In the fourth part of our conversation with Conservators, we start with a question from our CEO, Paul Sapwell.
ALEX: Let’s get started with this question from Paul. He asks: Have you ever met an object you have conserved, in your dreams or nightmares? What happened?
NIGEL: In short, no.
RUTH: Moths haunt my dreams! And asbestos!
NIGEL: Yes, they have given me many nightmares.
CLAIRE: The only one I can remember is the wedding cake, after that journey to London. [1]
ALEX: Was that for the One Show?
CLAIRE: Yes, I had dreams for the next three nights about it falling apart!
NIGEL: That was a scary undertaking.
RUTH: I don’t know if Claire remembers but we drove it from Basingstoke first and it moved in the car.
CLAIRE: I had to get my adhesive out in the back of the studio – it had crept across its base board with the vibration during travel. Hadn’t done that on the shorter trips so it was a shock!
ALEX: How do you prepare to move an object?
CLAIRE: For the cake, we built a bespoke box and packed inside its dome as well as out. We propped it up level in the seat, strapped it in and watched it like a hawk all the way there.
ALEX: Most of us wouldn’t think about what’s involved in transferring an object from your work spaces to the venues/locations they will be displayed in. Apart from the wedding cake, what’s been the most challenging object you’ve all had to prepare and then move?

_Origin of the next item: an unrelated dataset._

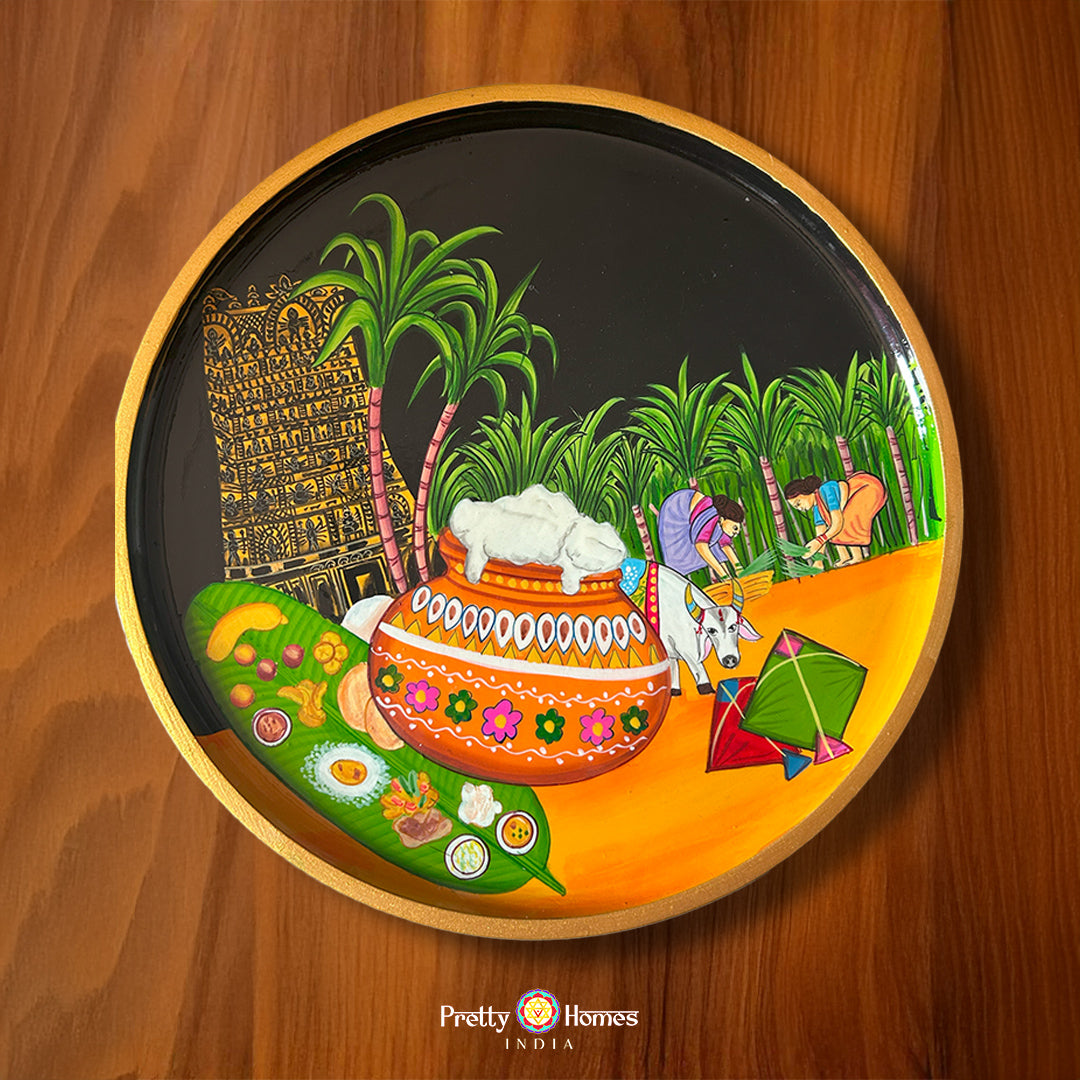 hand-painted wooden pongal and onam wall plate in vibrant colours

NIGEL: I had to get the Challenger Tank ready to move [at Aldershot Military Museum]. I had to get it running so the army could drive it. A chap from REME[2]came with his huge transporter to try to tow it but we had little luck. So instead we had to get it running. I remember having to sort out a huge oil leak, also laying on top of the engine as he started her up so I could check it wasn’t leaking.
ALEX: Wow!
NIGEL: I also remember working underneath it. I could only just get under. Quite frightening when you think of the weight of it.
CLAIRE: I couldn’t do that.
NIGEL: The plan was to move it off site, so building work could be done. In the end we only moved it 100 yards I believe.
ALEX: What did it feel like to hear the engine come to life?
NIGEL: Very, very loud. Smoke everywhere. [I] sorted the oil leak. The only time I’ve ever really worked on a tank.
CLAIRE: For me, moving cased taxidermy is always scary.
ALEX: Why?
CLAIRE: I think it’s partly the old case glass, as it’s so thin. The specimens can’t really be packed out easily; they just bobble around on their perch. I had a sparrow hawk once that was on a log, but the log wasn’t fixed to the case base. I did have to pack around that.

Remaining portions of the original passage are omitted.